Finalmente, si queremos construir un orden internacional para la era nueva, que responda a los desafíos actuales, que se base en valores democráticos, no podemos negarlos con nuestra actuación.

El desorden de la globalización, con sus lacerantes incrementos de las diferencias, los incontenibles flujos migratorios huyendo de la miseria o de la tiranía, la imprevisibilidad del casino financiero internacional o los crecientes odios interculturales, reclama un esfuerzo de construcción del nuevo orden internacional del siglo XXI, añadiendo factores que hagan más gobernable este escenario, en lugar de pretender construcciones excesivamente teóricas sobre el supuesto Gobierno del Mundo tan querido a los cartesianos puros. (¿A quién aceptaríamos presidiendo ese Gobierno Mundial?)

Espacios regionales supranacionales, como la Unión Europea o como el Mercosur, podrían ir configurando una nueva gobernabilidad más equilibrada, más cooperativa y solidaria. La revisión del funcionamiento de instancias como el FMI, el Banco Mundial o las propias Naciones Unidas deberían acompañar este proceso de mayor gobernabilidad.

Es posible, no sólo deseable, poner en marcha las respuestas para mejorar la seguridad, identificando y combatiendo la peor criminalidad que se conoce: el terrorismo, como el enemigo de la convivencia en paz y en libertad, más peligroso y evidente.

Es posible hacerlo sin deslizarse hacia el odio entre religiones, culturas o civilizaciones, porque no está ahí el problema, pero la confusión puede contribuir a agravarlo en vez de resolverlo.

Es posible disminuir las tensiones regionales con efectos expansivos de violencia. El Mediterráneo, cuna y cruce de civilizaciones, debe tender hacia la superación de los choques que se viven en él, de uno a otro extremo. El Cáucaso, que no queremos ver aunque pesará en los próximos años, y tantos otros.
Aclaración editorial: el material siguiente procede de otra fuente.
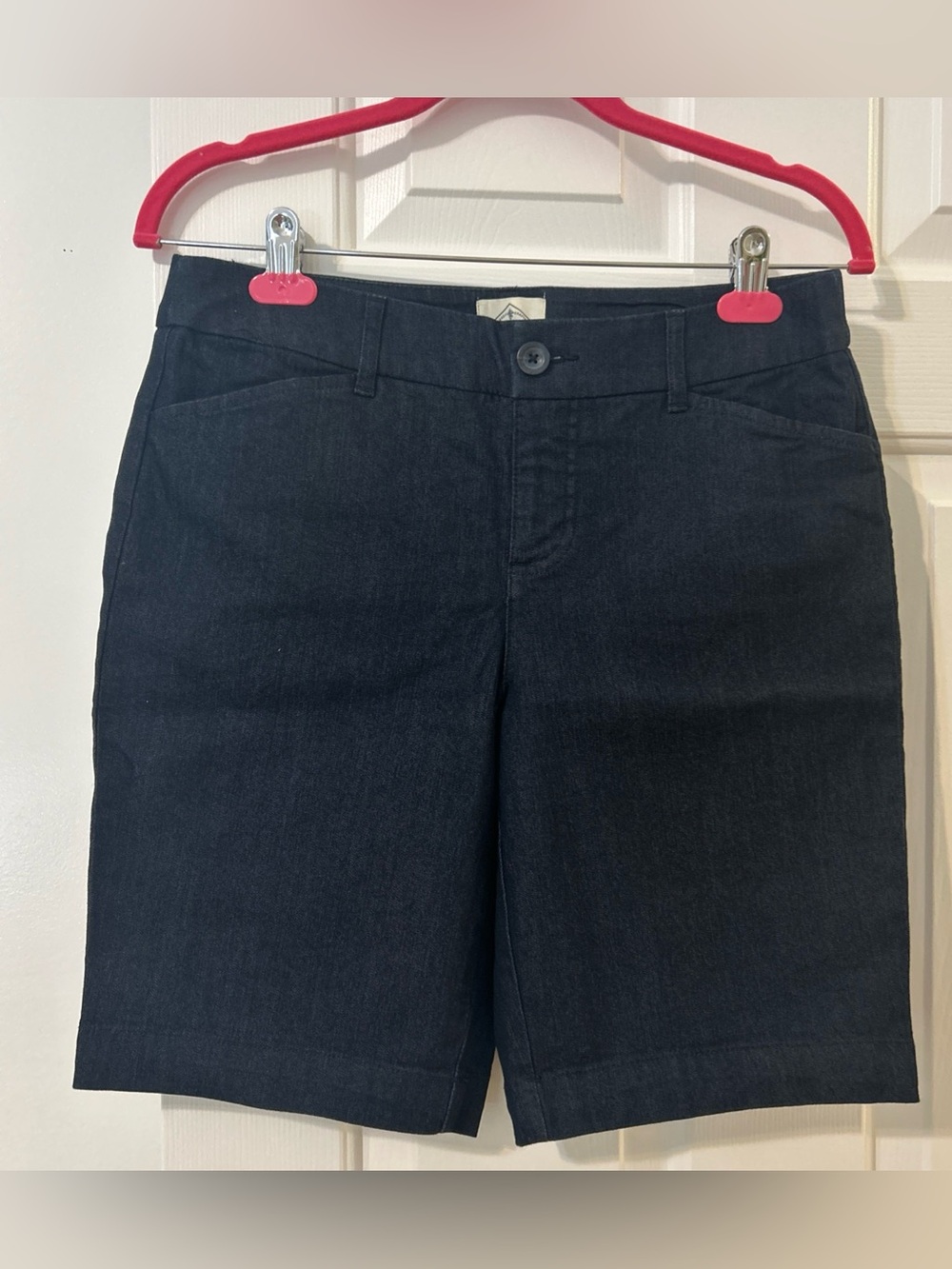 Women’s St. John’s Bay dark blue denim stretch Bermuda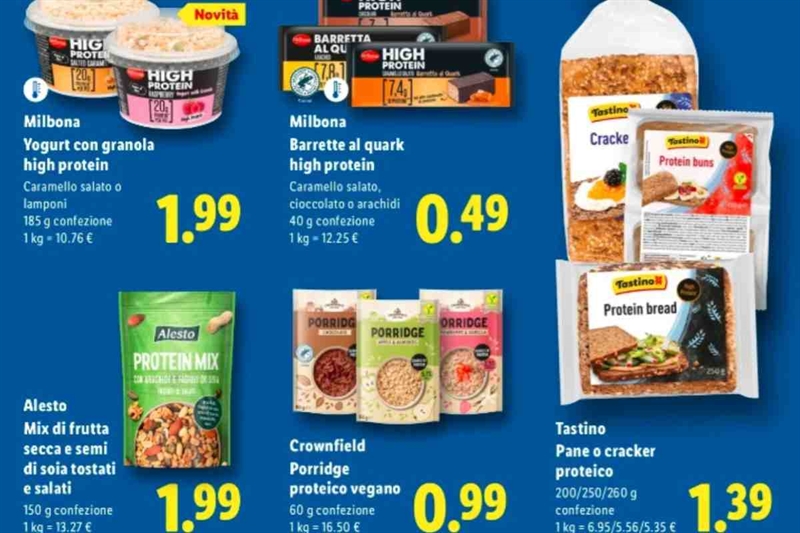 prodotti volantino lidl 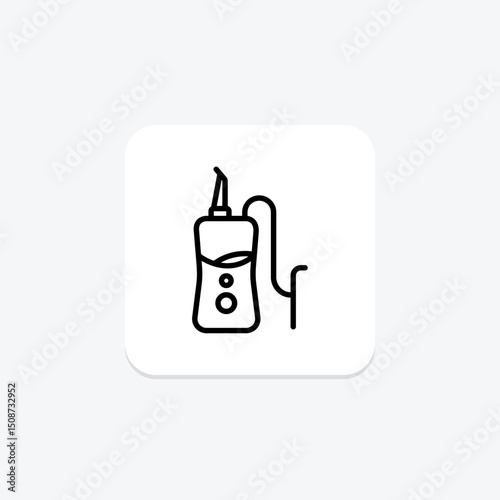 Water Flosser, vector, pixel perfect, illustrator file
Es posible combatir la primera gran crisis de la nueva economía, que se nos anunciaba sin ciclos, de bonanza sin fin, al tiempo que veíamos el incremento de la pobreza, la pérdida de la cantidad y la calidad de la cooperación internacional y de la cohesión interna en los países ricos.

Es posible construir una Europa Política, con sus valores fundacionales, como democracia local reforzada y como poder global relevante para mejorar la cohesión interna y contribuir decisivamente a la paz y la solidaridad internacional.

Podemos atacar las causas inmediatas de la inseguridad y enfrentar un nuevo rumbo para acabar con los caldos de cultivo.

Como todo ello es urgente, no podemos precipitarnos, sino prepararnos para una tarea larga y compleja.